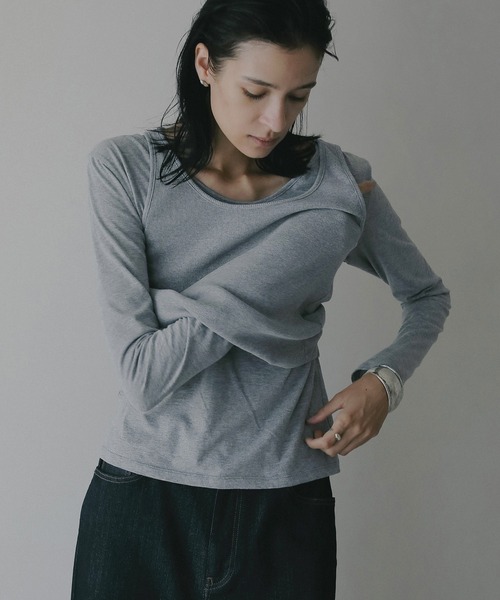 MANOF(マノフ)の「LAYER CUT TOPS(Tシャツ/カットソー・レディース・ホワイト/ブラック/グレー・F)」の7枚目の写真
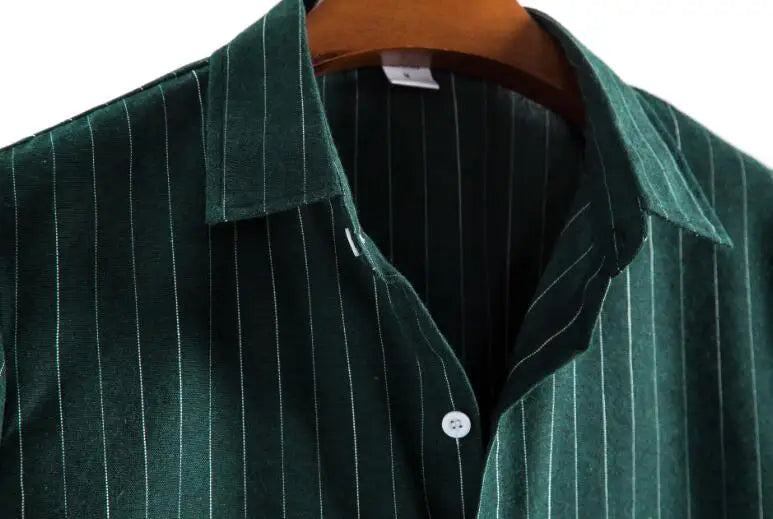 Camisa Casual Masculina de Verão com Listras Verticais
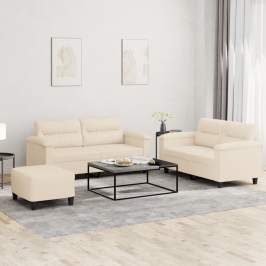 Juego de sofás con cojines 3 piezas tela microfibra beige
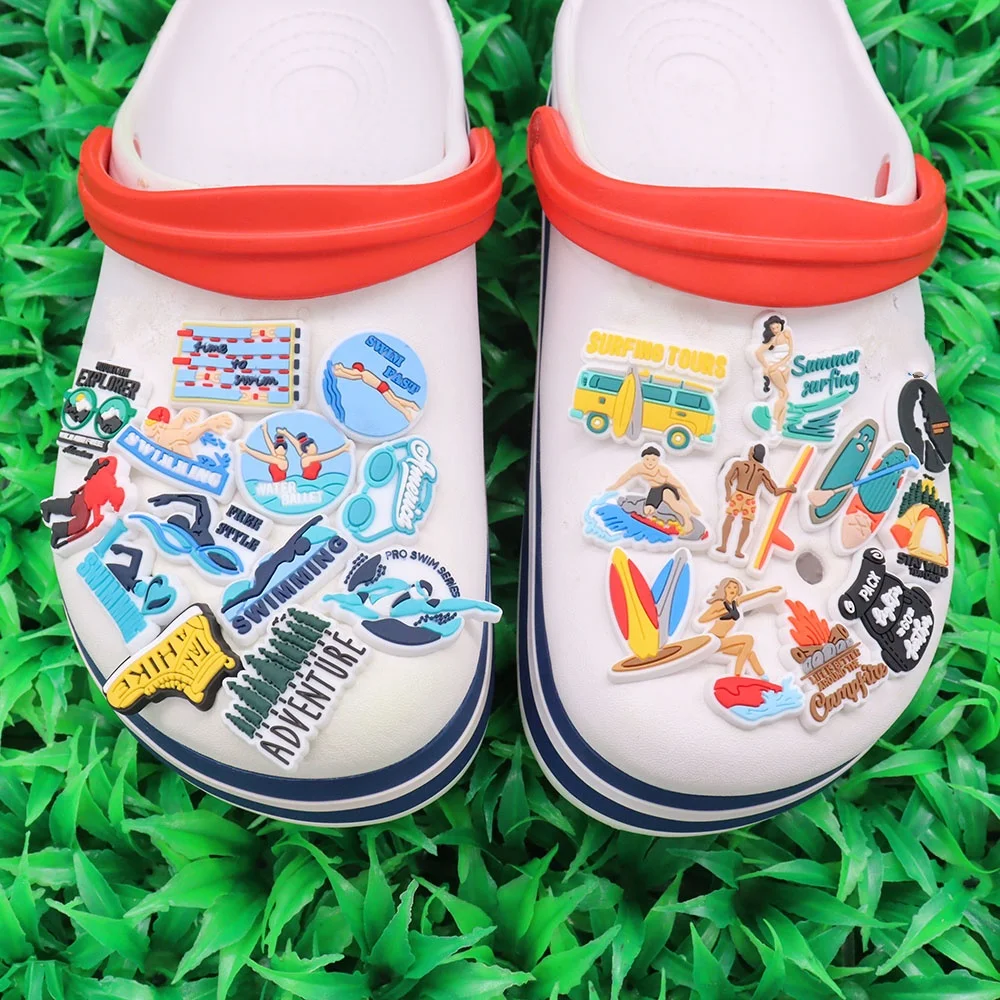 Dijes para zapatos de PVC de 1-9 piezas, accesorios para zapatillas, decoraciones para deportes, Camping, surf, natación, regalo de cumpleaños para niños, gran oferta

--

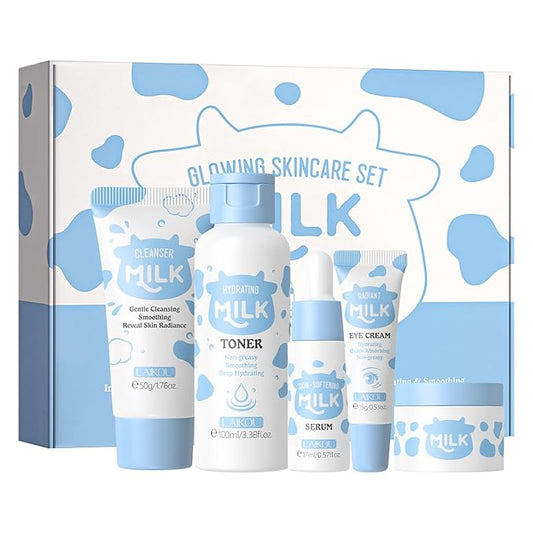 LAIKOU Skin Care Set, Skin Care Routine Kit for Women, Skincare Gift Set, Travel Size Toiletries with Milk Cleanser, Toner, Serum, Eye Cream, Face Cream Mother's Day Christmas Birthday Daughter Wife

*Task directions:*
Exactly as written above, retype the lines starting at the one holding "Juego de sofás" and ending at the one holding "Dijes para zapatos", both included, but not the pictures.

*Solved problem:*
 Juego de sofás con cojines 3 piezas tela microfibra beige
 Dijes para zapatos de PVC de 1-9 piezas, accesorios para zapatillas, decoraciones para deportes, Camping, surf, natación, regalo de cumpleaños para niños, gran oferta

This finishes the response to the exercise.